Hoy, en 2020, son muchas —muy diversas, en función del observador y lo observado— las cavilaciones que podemos desplegar en torno a la figura del empleado que enfocamos, a quien Drucker percibía como todo un profesional, aunque distinguía empero entre séniores y júniores. Los párrafos siguientes (como los anteriores, en realidad) tratan apenas de alentar la reflexión, la suya propia, en el lector interesado.
Este trabajador mental ha de ser gestionado, claro, de manera idónea. Las consultoras y las áreas de RRHH llevan unos 30 años predicando el liderazgo, pero este se entiende de muy diferentes maneras, y no faltan quienes parecen ver en el líder a una suerte de moderno capataz que “consigue que la gente quiera hacer lo que tiene que hacer”, que “conquista la voluntad y las emociones de los colaboradores”… Sí, también hay, desde luego, expertos en gestión que sencilla y felizmente ven en el líder a un catalizador (no tan capitalizador) de la mejor expresión profesional de sus colaboradores.
Cabría recordar igualmente que nuestro worker no lleva todo el knowledge puesto sino que, en calidad de information seeker, sabe encontrar lo que en cada momento necesita. Su destreza informacional (information literacy movement), inseparable de su pensamiento crítico (critical thinking movement), resulta imprescindible en su permanente aprendizaje (lifelong learning movement)… Obviamente, al hablar del aprendizaje y el conocimiento del trabajador, hay que distinguir entre saber lo que saben muchos, saber lo que saben unos pocos, y saber lo que todavía no sabe nadie.

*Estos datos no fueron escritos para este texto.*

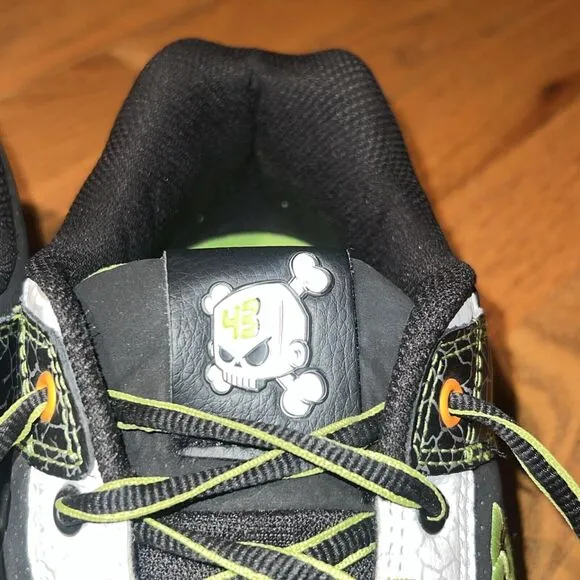 DC Ken Block Pure 43 Size 10 Skate Shoes Black Lime Citrus RARE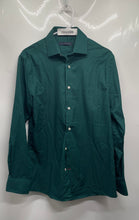 Load image into Gallery viewer, Tommy Hilfiger Mens Green Printed Long Sleeve Collared Dress Shirt Size 15 32/33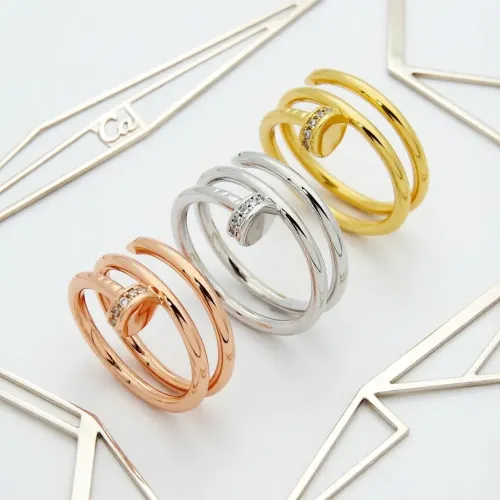 Replica Cartier Rings In Rose Gold For Unisex #1479430 $25.00 USD for Wholesale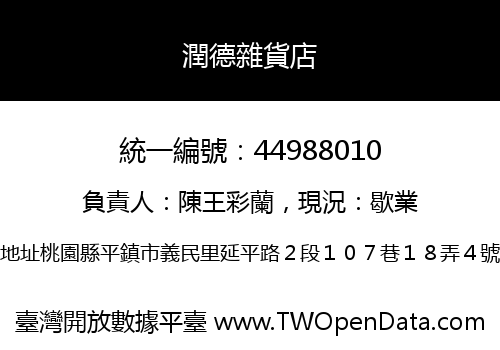 潤德雜貨店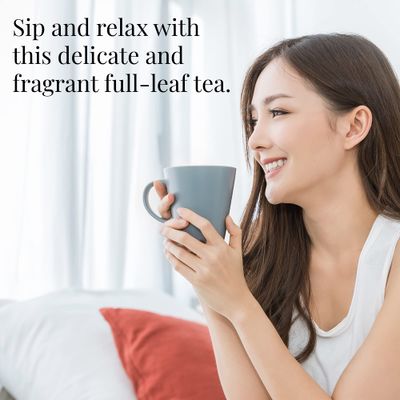 The Republic of Tea Jasmine Pearls Full-Leaf Loose Green Tea | 1 Pound Bulk Bag | Steeps 200 Cups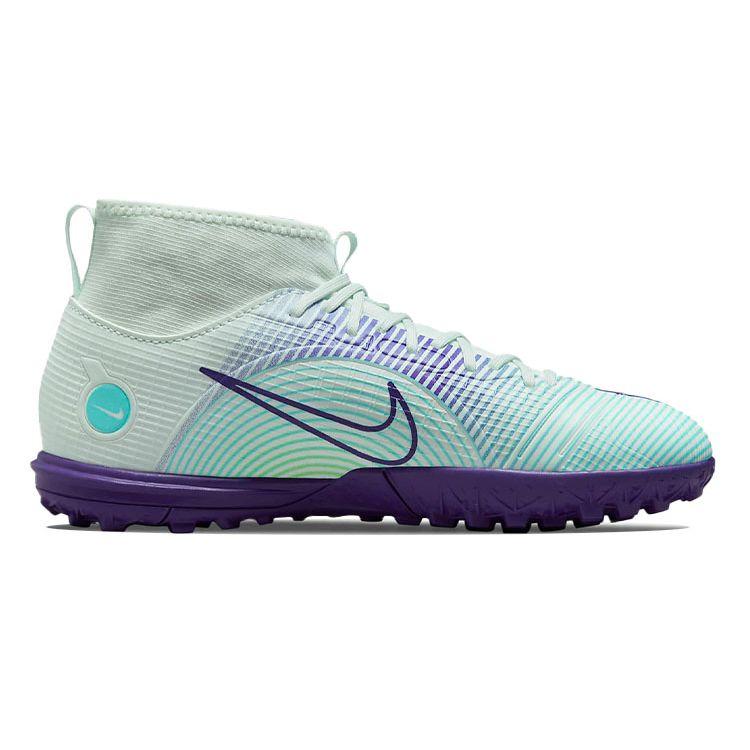 Nike Mercurial Superfly 8 Academy TF GS Dream Speed - Barely Green Electro Purple Kids Sneakers Aurora-Green Volt DN3776-375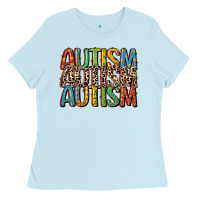 Baby Blue western autism Ladies Tee - CowGirlArtShop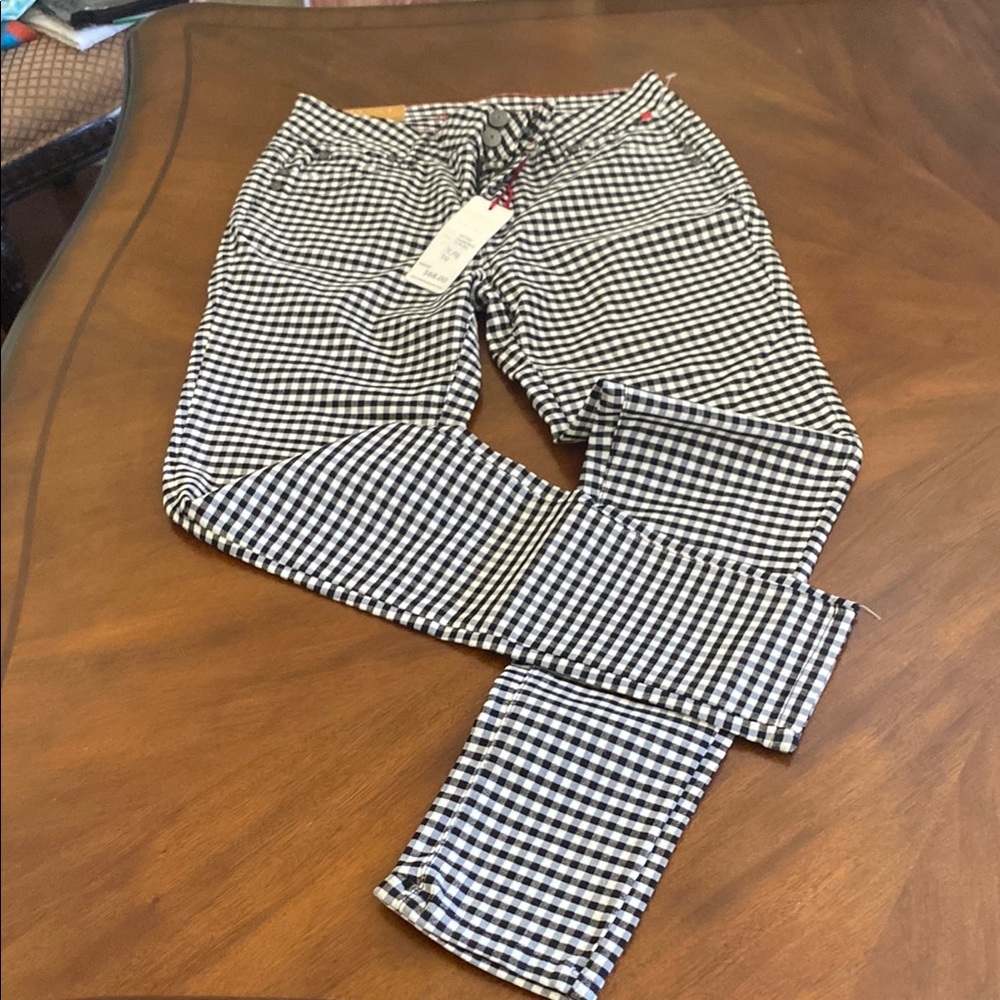 Black and White Checkered Pants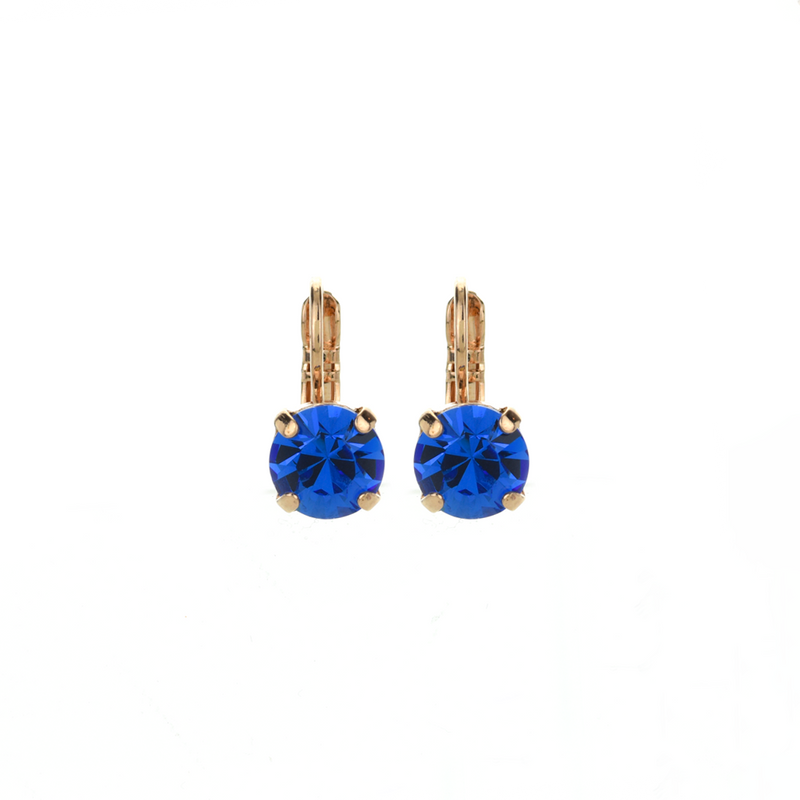 Must-Have Everyday Leverback Earrings in "Sapphire"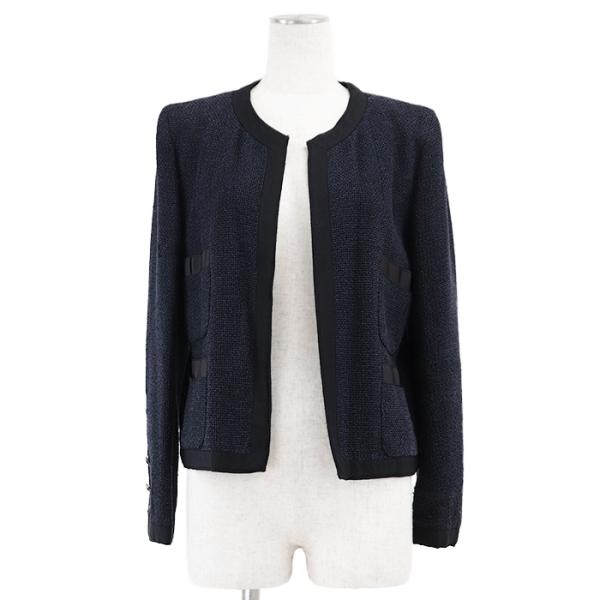 CHANEL（シャネル） ジャケット 02P P19055 ツイード ノーカラー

Sin esta última consideración estaríamos reflexionando con ligereza, casi en vacío; de modo que resulta cardinal detenerse en esto. Trabajador del conocimiento, sí; pero ¿de qué conocimiento? Los campos del saber crecen continuamente, aunque solo unos pocos les siguen la pista y todavía son menos quienes precisamente contribuyen, con su creatividad, a hacerlos crecer (cada grupo demanda una gestión ad hoc). Se diría que el paso por la universidad simplemente nos capacita para seguir aprendiendo y, si no lo hacemos, nos salimos del constructo.
La autonomía de este trabajador se interpreta hoy incluso muy al pie de la letra, pero cabe admitir que, en general, este aplica su propio conocimiento y no solo el de su jefe; que se impulsa y facilita su aprendizaje permanente, sin olvidar que las fortalezas personales suponen sinergia inexcusable. Al respecto, el foro de Davos, precisamente para este año 2020, explicitó años atrás la necesidad de la creatividad, la flexibilidad cognitiva, la inteligencia emocional, la orientación al servicio… y, desde luego, el pensamiento crítico. Parecerán, sí, fortalezas muy valiosas en todos los profesionales del saber, gestores o gestionados.
Quizá la relevancia del trabajador del saber radica especialmente en su capacidad de contribuir a la mejora continua, la solución de problemas complejos y la innovación, y recordemos que él mismo ha de sentirse reconocido, significativo, importante… Uno recuerda, sin embargo y por ejemplo, que hace 16 años y en Madrid, escuchamos a Tom Peters —otro de los grandes— decir que en realidad los altos directivos casi siempre mentían al referirse a la importancia de las personas en las organizaciones. Acaso esta pandemia que vivimos agite las mentes y veamos nuevos cambios culturales.